The 71 associations, unions and councils of the disabled active in Kabul city also fail to make a difference for their members. They lack management skills and the capacity to draw up proposals that would attract national or international donors. Instead, they mainly organise rallies and protests against the government. They are not helpless, though.

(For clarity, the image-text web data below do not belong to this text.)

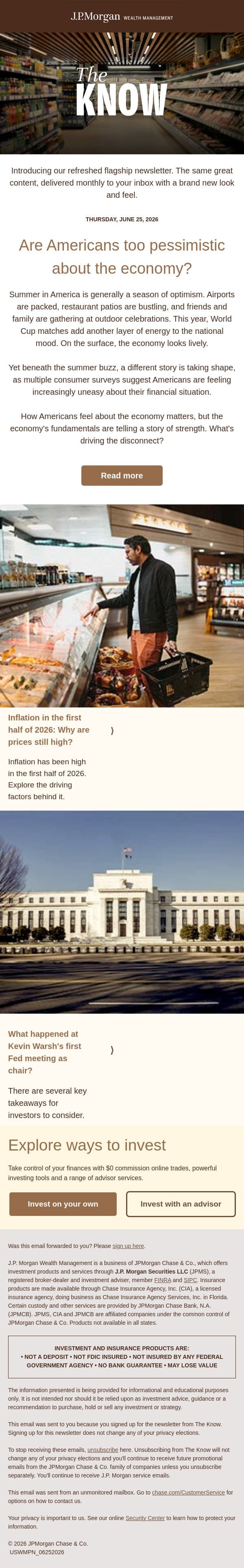 Are Americans too pessimistic about the economy? email from Chase screenshot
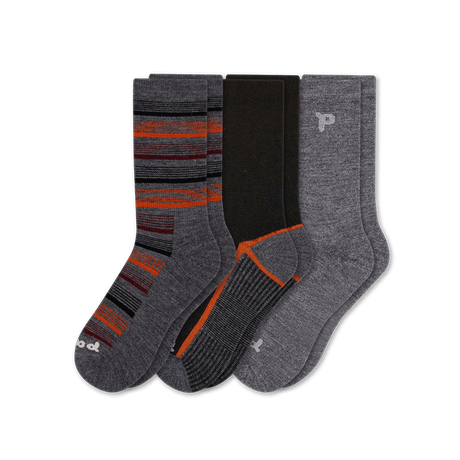 Pacas Mens Alpaca Lightweight Crew Socks 3-Pack  -  Large/X-Large / Variegated Stripe Charcoal/Stripe Sole Black-Orange/Solid Charcoal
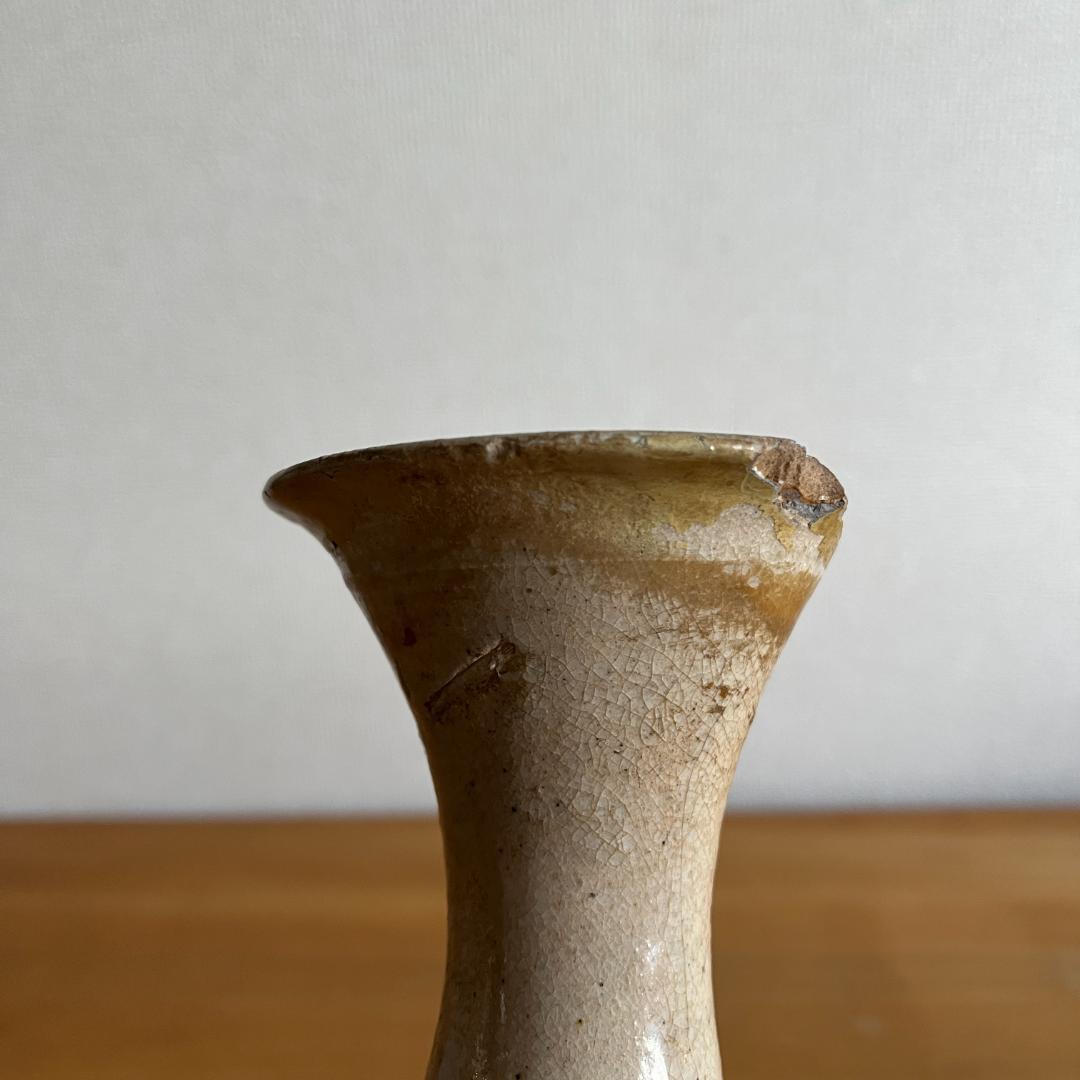 李朝 粉引 大徳利 朝鮮古陶磁 高35.8cm 口縁欠けあり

Many disabled associations have developed a high degree of organisation; some even speak of ‘mafia structures’. The Brave Afghanistan Disabled People Social Council (Shura-e Ejtema-ye Mahlulin-e Ghoyor-e Afghanistan), for example, has a military structure and uses it well. Its ‘Guard Office’ consists of a unit led by a commander and 20 unarmed ‘soldiers’. They are charged with protecting and securing this council’s members’ business slots from police and others who intend to occupy their territory. Other organisations have taken over many bus stations in Kabul and invented a new business, to the dismay of the drivers who feel forced to pay for a ‘service’ they did not want: the local representative of the respective disabled council or association promises to get them passengers when they pay a small amount for each ride; mostly five to ten Afghani. ‘We have to help ourselves,’ the disabled counter. ‘The government is not helping us.’
More money – for no one
Muhammad Din Qani, the director of the Disabled Affairs Department at the Ministry for Labour, Social Affairs, Martyrs and Disabled seems to be of the same opinion. Not much attention has been paid to disabled people’s difficulties in Afghanistan, he says. He demands that the Finance Ministry allocates two per cent of the national budget to support disabled people – a rather ambitious request considering that currently only about one per cent of the national budget goes into the whole sector of social protection.
Din Qani’s frustration might hail from the fact that he himself has not much to offer to the disabled. His office can hand out only a monthly allowance of meagre 1,500 Afghani (30 dollars), which is far from enough to support the needs of a whole family, probably the reason why many disabled never bother to register with the ministry. On 14 January 2013, the parliament finally approved the Law on Disabled People’s Rights and Privileges which included a raise of the monthly allowance to 5,000 Afghani (100 dollars). The parliament overruled the president’s previous rejection of the law. He had not signed it, stating, according to Ramazan Bashardost, member of the parliament’s Commission for Martyrs and Disabled, that the national budget had not factored in ‘that much more money’.
Even now that the law is signed, the new higher allowance is not being given out yet. And no one seems to know when this will happen – another source of fury in Kabul’s disabled community. Disabled councils and associations have already announced that, if their demands over street business, the monthly allowance and other issues are not met, there will be further protests. This time, they say, they will go countrywide.